Hutchinson wird bereits mit einem Rechtsberater des ehemaligen Präsidenten Richard Nixon verglichen, der seinerzeit als Hauptbelastungszeuge in der Watergate-Affäre auftrat.

Foto: Reuters/Harnik

Dass dem Präsidenten hinterherzuputzen zu ihrem Jobprofil im Weißen Haus gehört, hatte sich Cassidy Jacqueline Hutchinson vermutlich nicht erwartet. Ein Interview des Justizministers William Barr hatte Donald Trump dermaßen in Rage versetzt, dass er sein Essen gegen die Wand warf. Barr hatte erklärt, es habe bei der Präsidentenwahl keinen Betrug gegeben. Die Mitarbeiterin von Trumps Stabschef Mark Meadows musste danach das von der Wand tropfende Ketchup wegwischen.

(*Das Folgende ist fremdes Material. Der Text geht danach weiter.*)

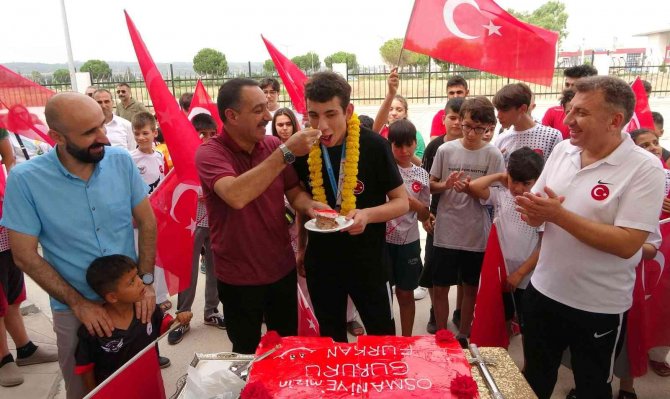 Dünya İkincisi Oldu, Memleketi Osmaniye’de Şampiyon Gibi Karşılandı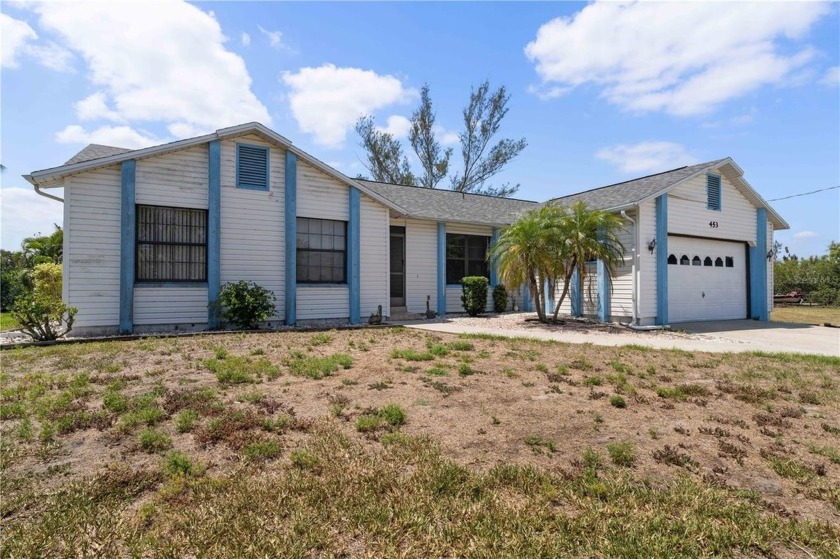 PUNTA GORDA WATERFRONT HOME ON DOUBLE LOT W/OVER 300FT OF - Beach Home for sale in Punta Gorda, Florida on Beachhouse.com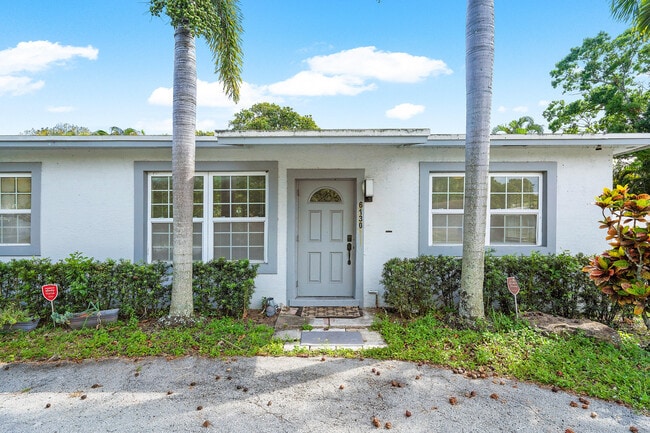 6130 Edwards Rd in Margate, FL - Building Photo - Building Photo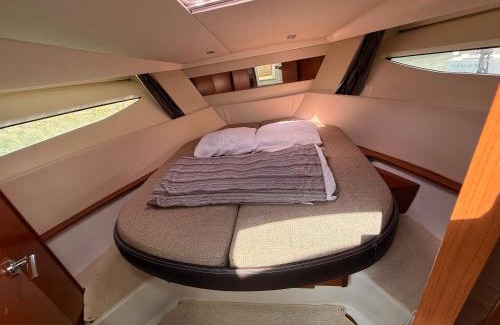 Charente-Maritime Boat Rental | BATEAU DE PRESTIGE - La Rochelle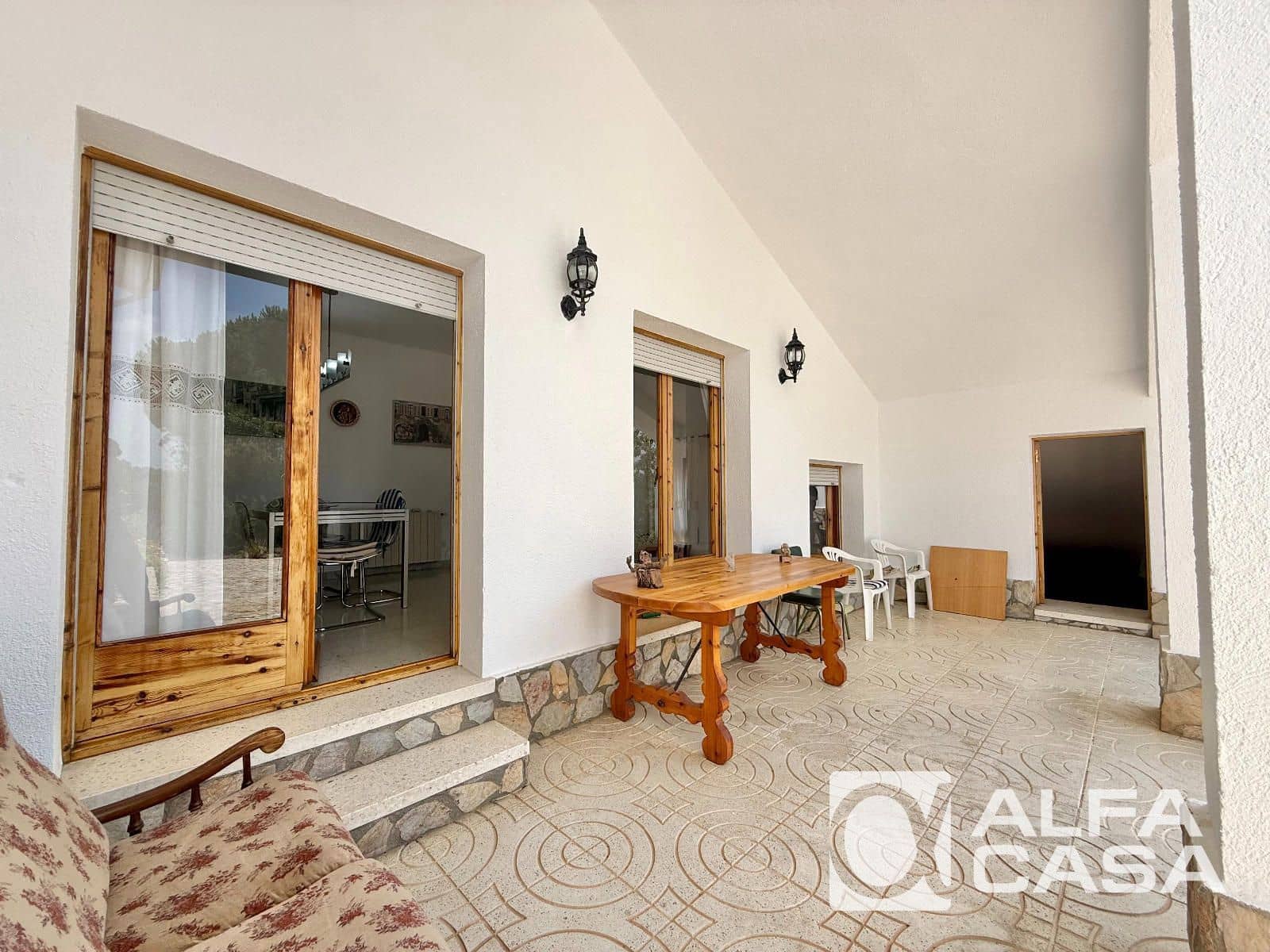 4 slaapkamer Villa te koop in Vidreres met garage - € 360.000 (Ref: 9989307)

Diesen und weitere Einblicke in die bizarre Stimmung der letzten Tage der Amtszeit des Wahlverlierers lieferte sie bei ihrer Anhörung bezüglich der Ereignisse rund um die Erstürmung des Kapitols durch Trump-Fans am 6. Jänner 2021.

Praktikum

In ihrer Heimatstadt Pennington in New Jersey war die 1996 geborene Hutchinson als Schülerin für den Jugendausschuss der Gemeinde aktiv und wurde vom Bürgermeister für ihre "außergewöhnlichen Bemühungen" ausgezeichnet. Im März 2019 schloss die aus einer Nichtakademikerfamilie stammende Hutchinson ihr Politologiestudium an der Christopher Newport University in Virginia ab. Schon im Sommer davor begann sie als Praktikantin im Weißen Haus.

Zu Tränen gerührt

Der Studentenzeitung ihres Colleges erklärte sie, sie war "zu Tränen gerührt, als ich die E-Mail erhielt, dass ich für die Teilnahme ausgewählt worden war". Das Praktikum sei "eine Ehre und eine enorme Erfahrung". Unter anderem absolvierte sie auch Praktika für Steve Scalise, den Chef der Republikaner im Repräsentantenhaus, und für den texanischen Senator Ted Cruz. Bald wurde sie unter Meadows Assistentin des Präsidenten.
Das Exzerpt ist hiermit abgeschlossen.